Besides the upper lip’s strange variation,
Corrected from mutation to mutation;
As ’twere from tithing unto tithing sent,
Pride gives to Pride continuall punishment.
Some (spite their teeth) like thatch’d eves downeward grows,
And some growes upwards in despite their nose.
Some their mustatioes of such length doe keepe,
That very well they may a maunger sweepe:
Which in Beere, Ale, or Wine, they drinking plunge,
And sucke the liquor up, as ’twere a Spunge;
But ’tis a Slovens beastly Pride, I thinke,
To wash his beard where other men must drinke.

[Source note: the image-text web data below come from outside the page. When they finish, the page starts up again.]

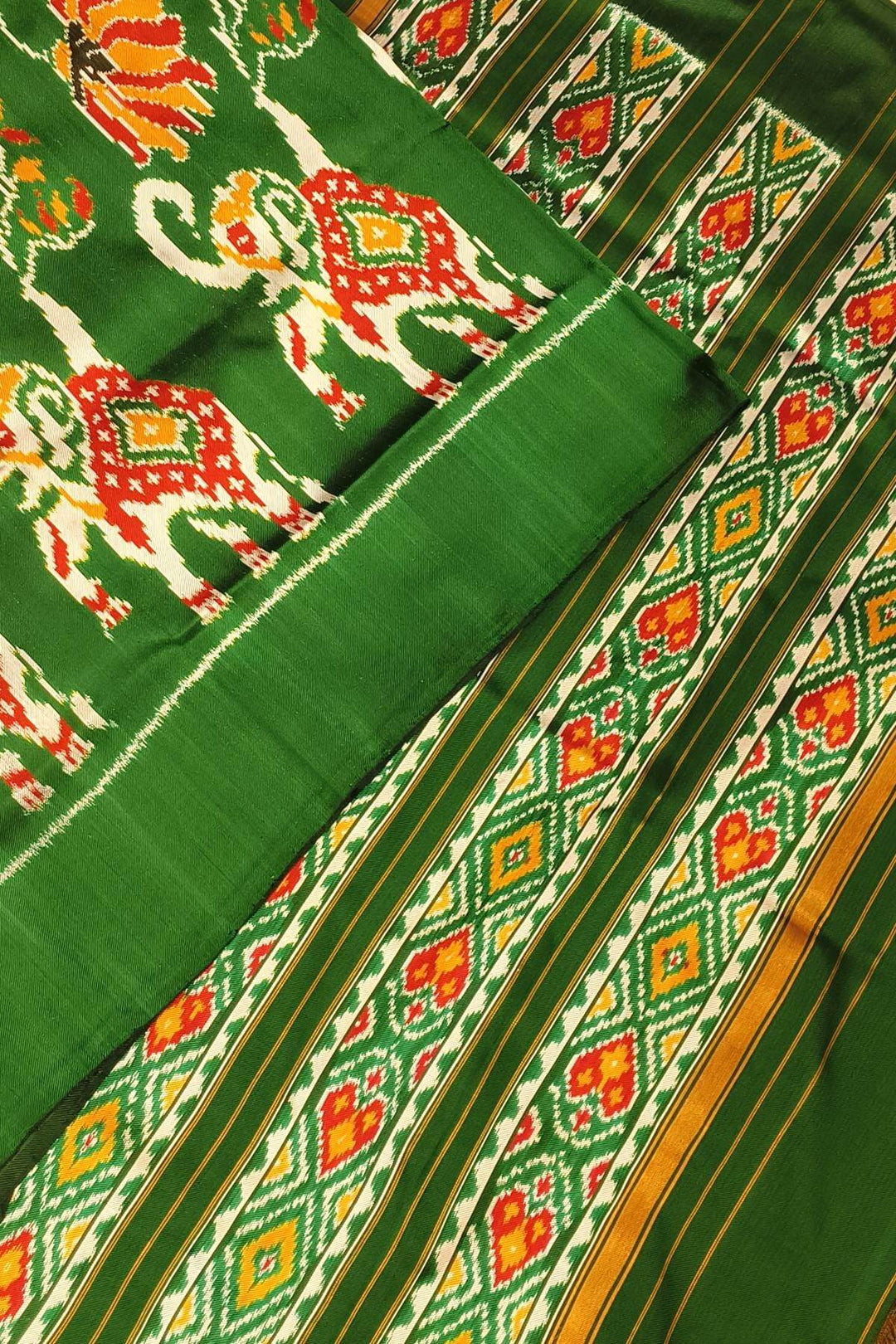 A twill weave ikkat pure silk saree in bottle green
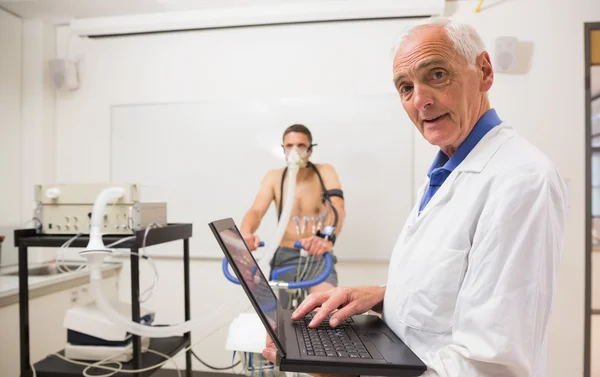 Médico realizando prueba de aptitud sonriendo a la cámara — Foto de Stock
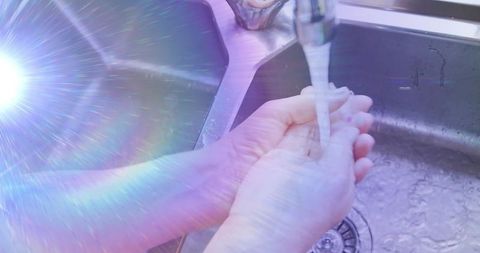 Senior woman's hands under flowing water with rainbow light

And some (because they will not rob the cup),
Their upper chaps like pot hookes are turn’d up;
The Barbers thus (like Taylers) still must be,
Acquainted with each cuts variety—
Yet though with beards thus merrily I play,
’Tis onely against Pride which I inveigh:
For let them weare their haire or their attire,
According as their states or mindes desire,
So as no puff’d up Pride their hearts possesse,
And they use Gods good gifts with thankfulnesse.[164]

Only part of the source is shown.